Seven was an interesting study in humanity as seen from the outside. She saw our flaws and weaknesses and inconsistencies that we are unable to see as we're too close to the source. It was fascinating to see her become softer and more vulnerable through her relationships with the ship's crew and how, through those relationships, she discovered so much about herself and the universe in general.
Since Voyager, I have watched all of The Next Generation and most of Deep Space Nine, and although I have deep affections for most of the characters: Jean-Luc Picard, Wesley Crusher, Deanna Troi, Data, Jadzia Dax, and Kira Nerys, the character that I relate to the most is Seven of Nine. She's an alien amongst her own kind; although she looks human, she does not understand humanity, nor does she feel a sense of community with humans. I'm the same way. I feel like an outsider looking in. Humanity perplexes me. Emotions terrify me. Like her, I strive for perfection in everything I do.

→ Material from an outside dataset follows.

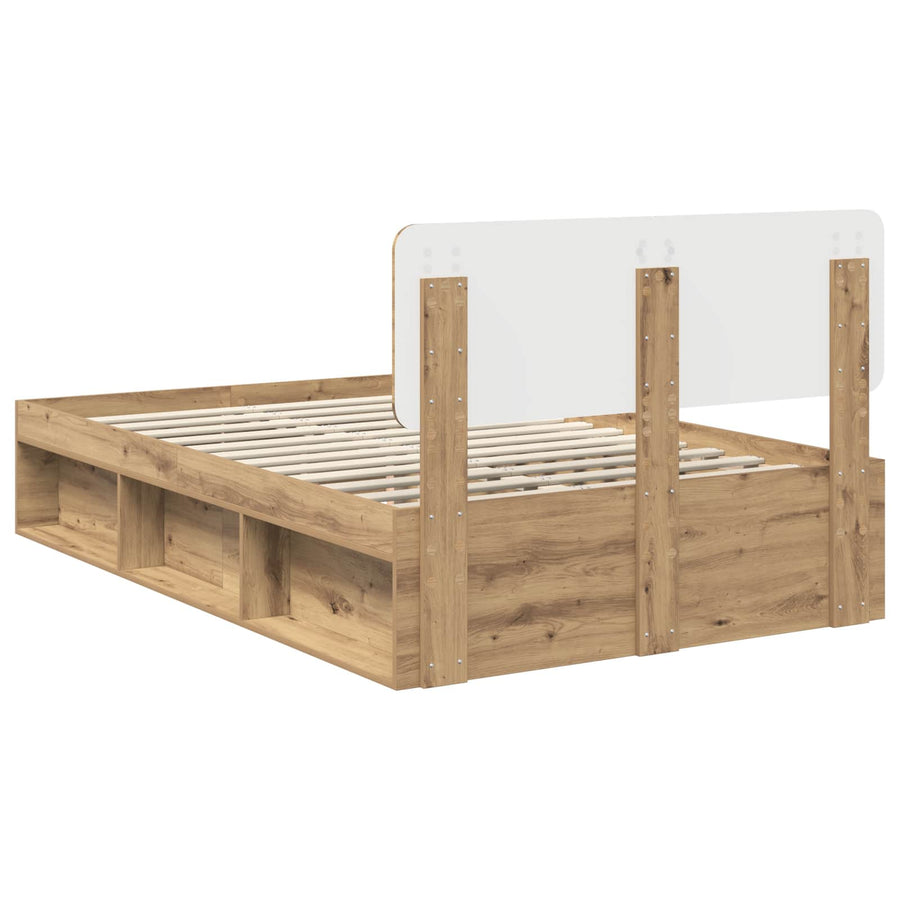 Bedframe Ambachtelijk eiken 120 x 190 cm Massief grenenhout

My main contract with Seven is that my individuality is important to me. I refuse to live a traditional life of marriage and babies; I want something special and unique out of my life. I love what an original, distinctive character she was. Star Trek hadn't done a character like her before, and one hasn't been done since. I am hoping that with the new Jean-Luc Picard-centric series coming out in the next few years, that Seven will at least guest star, if not be a main or recurring character. It would be nice to see what further developments Seven underwent since her return to the Alpha Quadrant. Did she stay with Chakotay? Did she at least meet up with her aunt? Were Starfleet medical personnel able to fully remove her Borg implants? Was she able to live a reasonably normal human life? Is her rehabilitation possible in other Borg drones?
I hate that her character is linked with selling out and sex appeal. The character is undeniably sexy, yes, but she was so much more than that. She's a true feminist icon. She never sat around and waited to be rescued, she handled shit on her own as much as she was able to. She was highly intelligent, too, not a typical big breasted, dumb blonde. In fact, I think it was quite brilliant on the writers' part: by the end of the third season, the ratings were low, so, bring on the hot chick in the tight skinsuit with big breasts, but this is Star Trek, so don't make her an airhead; instead, use that sexism against them and turn her into the ultimate femme fatale: beautiful, dangerous, strong, intelligent, resilient... of course, could be reading too much into it because I really like Seven, but still...
I'm so glad that I finally joined the Star Trek fandom. It's odd to be so passionate about something that I was against for so long, but I am. I am extremely passionate about Star Trek. I've Tweeted Jeri Ryan a few times and gotten a response—she's a lovely woman, and it is obvious that she cares about her fans a lot. I am so hopeful for more Seven of Nine in the future!
A huge thank you to Jeri Ryan for portraying such an amazing character. No one else could have done the role justice!